__What you will do__:
Below is a set of records. Please retype every one exactly.

__Data in this exercise__:

+ + + +

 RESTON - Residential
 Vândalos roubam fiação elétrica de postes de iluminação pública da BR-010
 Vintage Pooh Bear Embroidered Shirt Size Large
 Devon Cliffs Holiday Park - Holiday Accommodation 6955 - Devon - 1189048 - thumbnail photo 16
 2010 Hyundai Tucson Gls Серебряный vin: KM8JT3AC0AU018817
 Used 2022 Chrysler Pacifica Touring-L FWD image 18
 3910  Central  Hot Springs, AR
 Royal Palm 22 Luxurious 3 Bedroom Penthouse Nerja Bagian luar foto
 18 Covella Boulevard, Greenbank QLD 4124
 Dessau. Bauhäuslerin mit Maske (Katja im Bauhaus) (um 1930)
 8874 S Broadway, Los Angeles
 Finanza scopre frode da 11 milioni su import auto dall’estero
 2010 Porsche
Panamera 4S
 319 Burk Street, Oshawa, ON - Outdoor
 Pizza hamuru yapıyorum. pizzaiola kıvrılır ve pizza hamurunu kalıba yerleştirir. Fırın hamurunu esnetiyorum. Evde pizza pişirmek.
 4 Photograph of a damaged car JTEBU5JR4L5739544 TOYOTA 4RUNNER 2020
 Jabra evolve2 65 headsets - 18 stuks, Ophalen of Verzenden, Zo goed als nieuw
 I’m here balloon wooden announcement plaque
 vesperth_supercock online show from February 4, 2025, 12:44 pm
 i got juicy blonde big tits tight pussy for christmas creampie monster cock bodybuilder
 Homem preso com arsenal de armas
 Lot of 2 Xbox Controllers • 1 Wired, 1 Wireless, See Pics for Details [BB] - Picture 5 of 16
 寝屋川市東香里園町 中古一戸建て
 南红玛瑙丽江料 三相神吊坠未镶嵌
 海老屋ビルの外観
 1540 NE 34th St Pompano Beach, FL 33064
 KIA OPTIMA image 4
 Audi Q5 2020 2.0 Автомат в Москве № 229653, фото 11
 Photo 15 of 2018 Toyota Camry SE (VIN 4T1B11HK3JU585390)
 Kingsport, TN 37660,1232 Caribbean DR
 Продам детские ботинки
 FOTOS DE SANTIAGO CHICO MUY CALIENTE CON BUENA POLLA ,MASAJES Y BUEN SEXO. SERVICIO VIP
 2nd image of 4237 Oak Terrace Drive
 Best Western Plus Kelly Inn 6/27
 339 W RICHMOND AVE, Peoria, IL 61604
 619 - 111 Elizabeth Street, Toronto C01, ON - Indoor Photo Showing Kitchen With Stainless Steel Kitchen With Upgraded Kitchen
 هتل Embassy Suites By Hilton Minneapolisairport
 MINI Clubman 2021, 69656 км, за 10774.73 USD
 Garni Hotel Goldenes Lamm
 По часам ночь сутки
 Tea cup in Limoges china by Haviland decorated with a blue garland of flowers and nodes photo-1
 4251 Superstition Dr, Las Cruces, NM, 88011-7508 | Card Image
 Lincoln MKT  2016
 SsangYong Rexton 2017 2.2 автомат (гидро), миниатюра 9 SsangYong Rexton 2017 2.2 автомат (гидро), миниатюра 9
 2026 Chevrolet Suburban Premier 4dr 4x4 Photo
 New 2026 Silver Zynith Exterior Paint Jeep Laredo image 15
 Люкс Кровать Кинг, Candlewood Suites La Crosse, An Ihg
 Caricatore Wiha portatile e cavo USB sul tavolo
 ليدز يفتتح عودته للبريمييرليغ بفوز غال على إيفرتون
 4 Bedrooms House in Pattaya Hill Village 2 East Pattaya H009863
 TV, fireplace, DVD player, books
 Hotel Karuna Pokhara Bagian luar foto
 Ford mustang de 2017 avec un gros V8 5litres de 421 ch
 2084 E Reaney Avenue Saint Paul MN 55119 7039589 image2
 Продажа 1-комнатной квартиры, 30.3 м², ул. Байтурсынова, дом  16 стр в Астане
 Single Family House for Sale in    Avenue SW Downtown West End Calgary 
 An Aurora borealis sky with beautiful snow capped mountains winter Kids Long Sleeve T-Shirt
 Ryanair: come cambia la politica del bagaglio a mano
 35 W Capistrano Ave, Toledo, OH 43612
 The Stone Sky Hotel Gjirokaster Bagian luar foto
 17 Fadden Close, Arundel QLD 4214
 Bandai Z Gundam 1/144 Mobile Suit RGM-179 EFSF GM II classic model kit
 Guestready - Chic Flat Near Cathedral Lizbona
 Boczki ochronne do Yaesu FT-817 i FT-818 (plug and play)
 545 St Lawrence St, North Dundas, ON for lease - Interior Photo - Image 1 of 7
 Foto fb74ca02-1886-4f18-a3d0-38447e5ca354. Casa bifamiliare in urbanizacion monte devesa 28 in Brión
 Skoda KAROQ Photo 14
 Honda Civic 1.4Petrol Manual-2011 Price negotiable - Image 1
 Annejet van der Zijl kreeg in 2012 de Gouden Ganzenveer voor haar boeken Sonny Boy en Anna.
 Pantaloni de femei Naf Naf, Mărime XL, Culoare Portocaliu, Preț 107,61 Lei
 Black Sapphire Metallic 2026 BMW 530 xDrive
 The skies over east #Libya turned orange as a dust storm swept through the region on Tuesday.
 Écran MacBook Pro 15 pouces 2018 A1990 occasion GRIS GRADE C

+ + + +

__Answer section__:
 RESTON - Residential
 Vândalos roubam fiação elétrica de postes de iluminação pública da BR-010
 Vintage Pooh Bear Embroidered Shirt Size Large
 Devon Cliffs Holiday Park - Holiday Accommodation 6955 - Devon - 1189048 - thumbnail photo 16
 2010 Hyundai Tucson Gls Серебряный vin: KM8JT3AC0AU018817
 Used 2022 Chrysler Pacifica Touring-L FWD image 18
 3910  Central  Hot Springs, AR
 Royal Palm 22 Luxurious 3 Bedroom Penthouse Nerja Bagian luar foto
 18 Covella Boulevard, Greenbank QLD 4124
 Dessau. Bauhäuslerin mit Maske (Katja im Bauhaus) (um 1930)
 8874 S Broadway, Los Angeles
 Finanza scopre frode da 11 milioni su import auto dall’estero
 2010 Porsche
Panamera 4S
 319 Burk Street, Oshawa, ON - Outdoor
 Pizza hamuru yapıyorum. pizzaiola kıvrılır ve pizza hamurunu kalıba yerleştirir. Fırın hamurunu esnetiyorum. Evde pizza pişirmek.
 4 Photograph of a damaged car JTEBU5JR4L5739544 TOYOTA 4RUNNER 2020
 Jabra evolve2 65 headsets - 18 stuks, Ophalen of Verzenden, Zo goed als nieuw
 I’m here balloon wooden announcement plaque
 vesperth_supercock online show from February 4, 2025, 12:44 pm
 i got juicy blonde big tits tight pussy for christmas creampie monster cock bodybuilder
 Homem preso com arsenal de armas
 Lot of 2 Xbox Controllers • 1 Wired, 1 Wireless, See Pics for Details [BB] - Picture 5 of 16
 寝屋川市東香里園町 中古一戸建て
 南红玛瑙丽江料 三相神吊坠未镶嵌
 海老屋ビルの外観
 1540 NE 34th St Pompano Beach, FL 33064
 KIA OPTIMA image 4
 Audi Q5 2020 2.0 Автомат в Москве № 229653, фото 11
 Photo 15 of 2018 Toyota Camry SE (VIN 4T1B11HK3JU585390)
 Kingsport, TN 37660,1232 Caribbean DR
 Продам детские ботинки
 FOTOS DE SANTIAGO CHICO MUY CALIENTE CON BUENA POLLA ,MASAJES Y BUEN SEXO. SERVICIO VIP
 2nd image of 4237 Oak Terrace Drive
 Best Western Plus Kelly Inn 6/27
 339 W RICHMOND AVE, Peoria, IL 61604
 619 - 111 Elizabeth Street, Toronto C01, ON - Indoor Photo Showing Kitchen With Stainless Steel Kitchen With Upgraded Kitchen
 هتل Embassy Suites By Hilton Minneapolisairport
 MINI Clubman 2021, 69656 км, за 10774.73 USD
 Garni Hotel Goldenes Lamm
 По часам ночь сутки
 Tea cup in Limoges china by Haviland decorated with a blue garland of flowers and nodes photo-1
 4251 Superstition Dr, Las Cruces, NM, 88011-7508 | Card Image
 Lincoln MKT  2016
 SsangYong Rexton 2017 2.2 автомат (гидро), миниатюра 9 SsangYong Rexton 2017 2.2 автомат (гидро), миниатюра 9
 2026 Chevrolet Suburban Premier 4dr 4x4 Photo
 New 2026 Silver Zynith Exterior Paint Jeep Laredo image 15
 Люкс Кровать Кинг, Candlewood Suites La Crosse, An Ihg
 Caricatore Wiha portatile e cavo USB sul tavolo
 ليدز يفتتح عودته للبريمييرليغ بفوز غال على إيفرتون
 4 Bedrooms House in Pattaya Hill Village 2 East Pattaya H009863
 TV, fireplace, DVD player, books
 Hotel Karuna Pokhara Bagian luar foto
 Ford mustang de 2017 avec un gros V8 5litres de 421 ch
 2084 E Reaney Avenue Saint Paul MN 55119 7039589 image2
 Продажа 1-комнатной квартиры, 30.3 м², ул. Байтурсынова, дом  16 стр в Астане
 Single Family House for Sale in    Avenue SW Downtown West End Calgary 
 An Aurora borealis sky with beautiful snow capped mountains winter Kids Long Sleeve T-Shirt
 Ryanair: come cambia la politica del bagaglio a mano
 35 W Capistrano Ave, Toledo, OH 43612
 The Stone Sky Hotel Gjirokaster Bagian luar foto
 17 Fadden Close, Arundel QLD 4214
 Bandai Z Gundam 1/144 Mobile Suit RGM-179 EFSF GM II classic model kit
 Guestready - Chic Flat Near Cathedral Lizbona
 Boczki ochronne do Yaesu FT-817 i FT-818 (plug and play)
 545 St Lawrence St, North Dundas, ON for lease - Interior Photo - Image 1 of 7
 Foto fb74ca02-1886-4f18-a3d0-38447e5ca354. Casa bifamiliare in urbanizacion monte devesa 28 in Brión
 Skoda KAROQ Photo 14
 Honda Civic 1.4Petrol Manual-2011 Price negotiable - Image 1
 Annejet van der Zijl kreeg in 2012 de Gouden Ganzenveer voor haar boeken Sonny Boy en Anna.
 Pantaloni de femei Naf Naf, Mărime XL, Culoare Portocaliu, Preț 107,61 Lei
 Black Sapphire Metallic 2026 BMW 530 xDrive
 The skies over east #Libya turned orange as a dust storm swept through the region on Tuesday.
 Écran MacBook Pro 15 pouces 2018 A1990 occasion GRIS GRADE C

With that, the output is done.